图19~图21[408]展示了采用代理优化算法,对飞翼无人机内翼段翼型进行气动/隐身综合优化设计的结果。经过两轮优化设计,最终外形的气动性能和前向±30°角域内的RCS分布都有明显改善,展示了代理优化算法在气动/隐身综合优化设计方面的应用潜力。

图19 基于代理模型的飞翼无人机内翼段翼型气动/隐身综合优化设计收敛历程[408]Fig.19 Convergence history of aerodynamic/stealth design optimization for inner-wing section airfoil of a flying-wing UAV using surrogate-based approach[408]

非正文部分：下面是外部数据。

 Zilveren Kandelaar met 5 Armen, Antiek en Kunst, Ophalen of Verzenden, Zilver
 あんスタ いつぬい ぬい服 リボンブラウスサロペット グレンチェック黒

图20 气动/隐身综合优化设计前后翼型RCS对比(前向±30°照射,频率=1 GHz,垂直极化)[408]Fig.20 Comparison of RCSs of baseline and optimum for aerodynamic/stealth design optimization (radar wave from ±30° angular region in the front, frequency=1 GHz, vertical polarization)[408]

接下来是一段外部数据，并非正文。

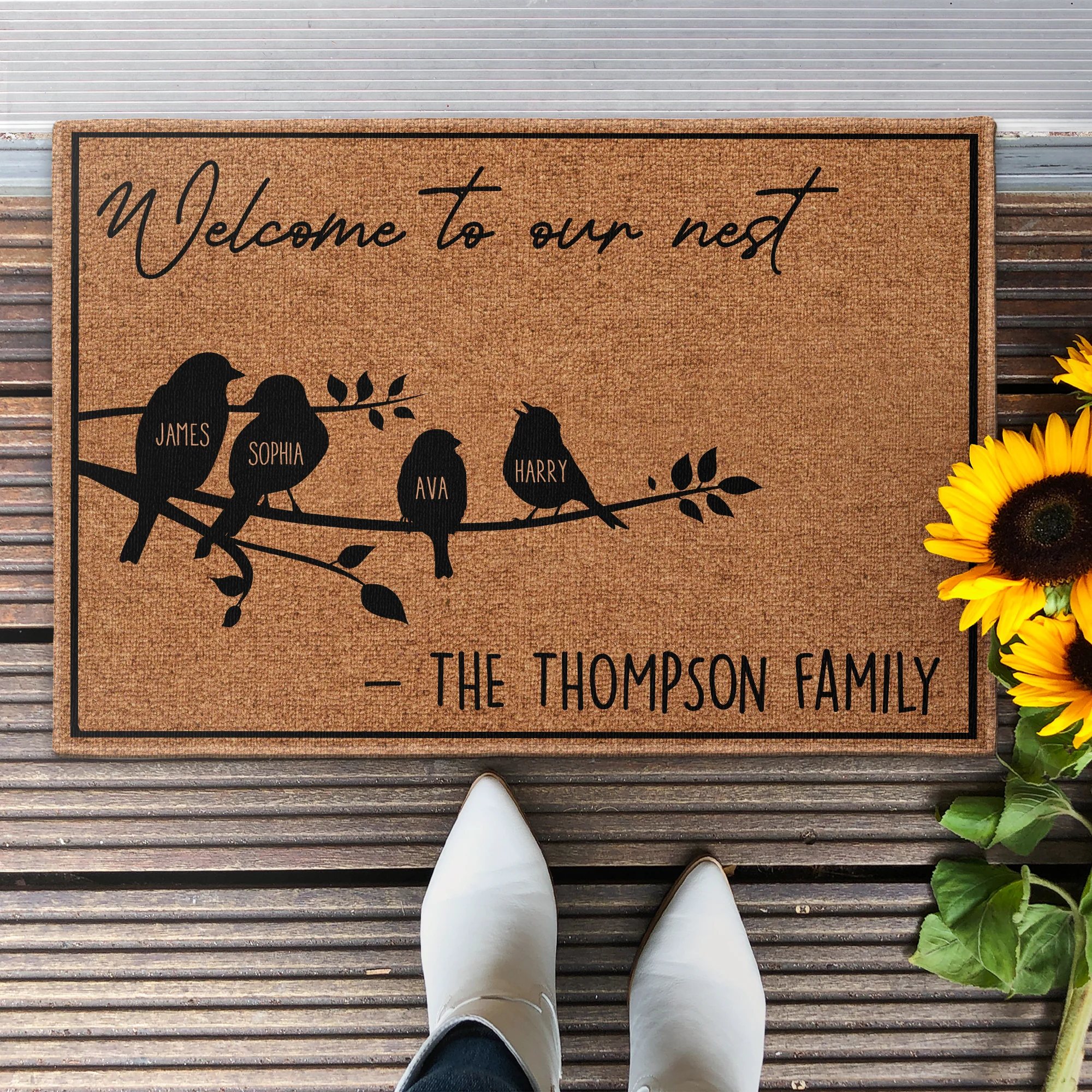 Welcome To Our Nest - Personalized Doormat - Image 2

图21 气动/隐身综合优化设计前后翼型散射电场强度对比(沿正前向照射,频率=1 GHz,垂直极化)[408]Fig.21 Comparison of electric-fields scattering around baseline and optimum airfoil for aerodynamic/stealth design optimization (radar wave from the front of airfoil, frequency=1 GHz, vertical polarization)[408]

4 存在的问题和未来发展趋势

本文以飞行器精细化气动优化设计问题为背景,探讨了基于代理模型的高效全局优化设计方法这一前沿研究领域的现状和最新进展。首先,重点讨论了基于新型代理模型和新优化机制的气动优化设计方法研究进展。其次,介绍了代理模型在飞行器气动优化设计领域若干前沿问题中的应用研究。最后,综述了基于代理模型的多学科优化设计方法研究进展。

通过对400多篇文献的综述,认为目前代理优化所面临的关键问题及主要挑战包括:

1) “维数灾难”问题。近10年来,代理优化算法在优化效率、质量和鲁棒性方面取得了长足进步,已经从最初只能解决20维左右的气动外形优化设计问题,发展到可以解决100维以内机翼、翼身组合体和更复杂外形的气动优化设计问题。但是对于超过100个设计变量的更高维优化问题,其效率显著降低,仍然面临巨大挑战。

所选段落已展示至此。